The RAPIDS cuSignal project leverages CuPy, Numba, and the RAPIDS ecosystem for GPU accelerated signal processing. In some cases, cuSignal is a direct port of Scipy Signal to leverage GPU compute resources via CuPy but also contains Numba CUDA kernels for additional speedups for selected functions. cuSignal achieves its best gains on large signals and compute intensive functions but stresses online processing with zero-copy memory (pinned, mapped) between CPU and GPU.

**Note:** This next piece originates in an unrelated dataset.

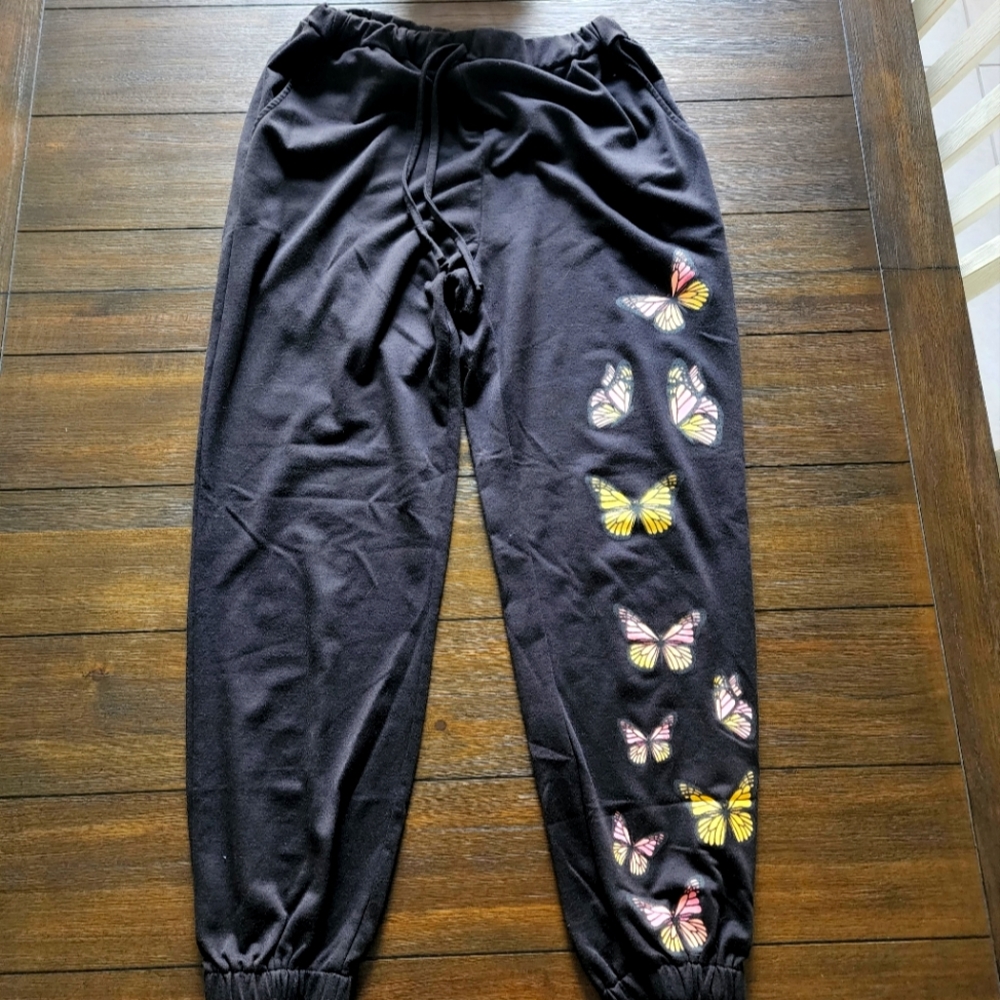 Romwe Butterfly Sweatpants 🦋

NOTE: For the latest stable README.md ensure you are on the master
branch.
cuSignal has an API that mimics SciPy Signal. In depth functionality is displayed in the notebooks section of the repo, but let's examine the workflow for Polyphase Resampling under multiple scenarios:
Scipy Signal (CPU)
import numpy as np
from scipy import signal
start = 0
stop = 10
num_samps = int(1e8)
resample_up = 2
resample_down = 3
cx = np.linspace(start, stop, num_samps, endpoint=False)
cy = np.cos(-cx**2/6.0)
cf = signal.resample_poly(cy, resample_up, resample_down, window=('kaiser', 0.5))
This code executes on 2x Xeon E5-2600 in 2.36 sec.

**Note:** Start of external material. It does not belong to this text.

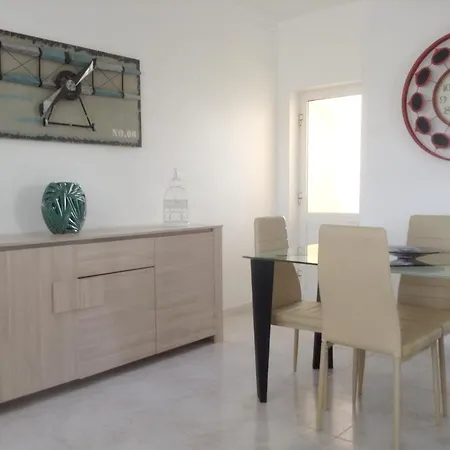 Apartment With 2 Bedrooms In Portimao With Wonderful City View Shared Pool Balcony 7 Km From The Beach דירה פורטימאו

cuSignal with Data Generated on the GPU with CuPy
import cupy as cp
import cusignal
start = 0
stop = 10
num_samps = int(1e8)
resample_up = 2
resample_down = 3
gx = cp.linspace(start, stop, num_samps, endpoint=False)
gy = cp.cos(-gx**2/6.0)
gf = cusignal.resample_poly(gy, resample_up, resample_down, window=('kaiser', 0.5))

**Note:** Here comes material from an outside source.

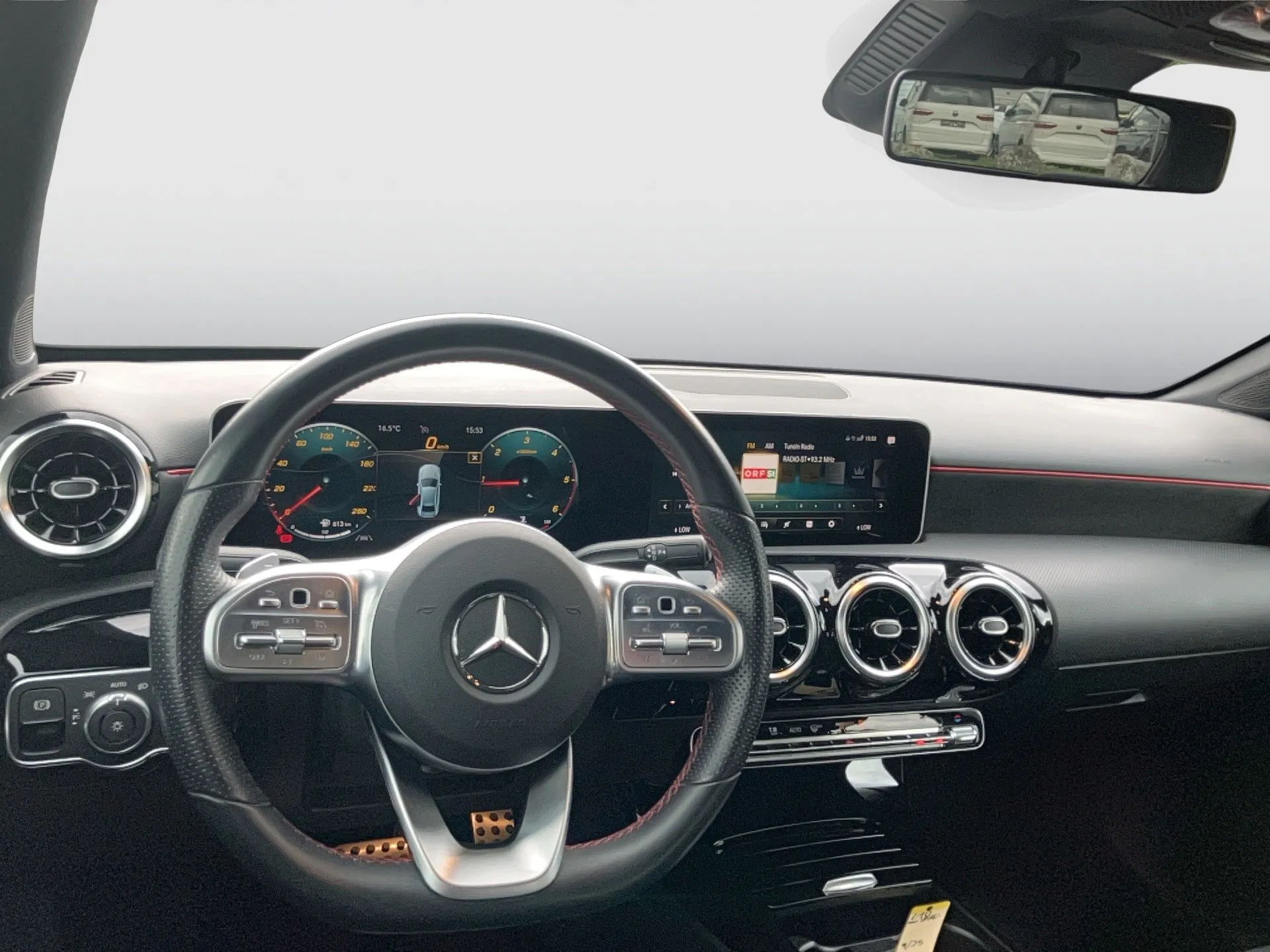 Mercedes-Benz A 180 d Limo. Aut. AMG | Bild 9 von 22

This code executes on an NVIDIA P100 in 258 ms.
cuSignal with Data Generated on the CPU with Mapped, Pinned (zero-copy) Memory
import cupy as cp
import numpy as np
import cusignal
start = 0
stop = 10
num_samps = int(1e8)
resample_up = 2
resample_down = 3
# Generate Data on CPU
cx = np.linspace(start, stop, num_samps, endpoint=False)
cy = np.cos(-cx**2/6.0)
# Create shared memory between CPU and GPU and load with CPU signal (cy)
gpu_signal = cusignal.get_shared_mem(num_samps, dtype=np.complex128)
gpu_signal[:] = cy
gf = cusignal.resample_poly(gpu_signal, resample_up, resample_down, window=('kaiser', 0.5))
This code executes on an NVIDIA P100 in 154 ms.
cuSignal with Data Generated on the CPU and Copied to GPU [AVOID THIS FOR ONLINE SIGNAL PROCESSING]
import cupy as cp
import numpy as np
import cusignal
start = 0
stop = 10
num_samps = int(1e8)
resample_up = 2
resample_down = 3
# Generate Data on CPU
cx = np.linspace(start, stop, num_samps, endpoint=False)
cy = np.cos(-cx**2/6.0)
gf = cusignal.resample_poly(cp.asarray(cy), resample_up, resample_down, window=('kaiser', 0.5))
This code executes on an NVIDIA P100 in 728 ms.
- NVIDIA GPU (Maxwell or Newer)
- CUDA Divers
- Anaconda/Miniconda (3.7 version)
- CuPy >= 6.2.0
- Optional: RTL-SDR or other SDR Driver/Packaging. Find more information and follow the instructions for setup here. NOTE: pyrtlsdr is automatically installed with the default cusignal environment. To make use of some of the examples in the Notebooks, you'll need to buy/install an rtl-sdr.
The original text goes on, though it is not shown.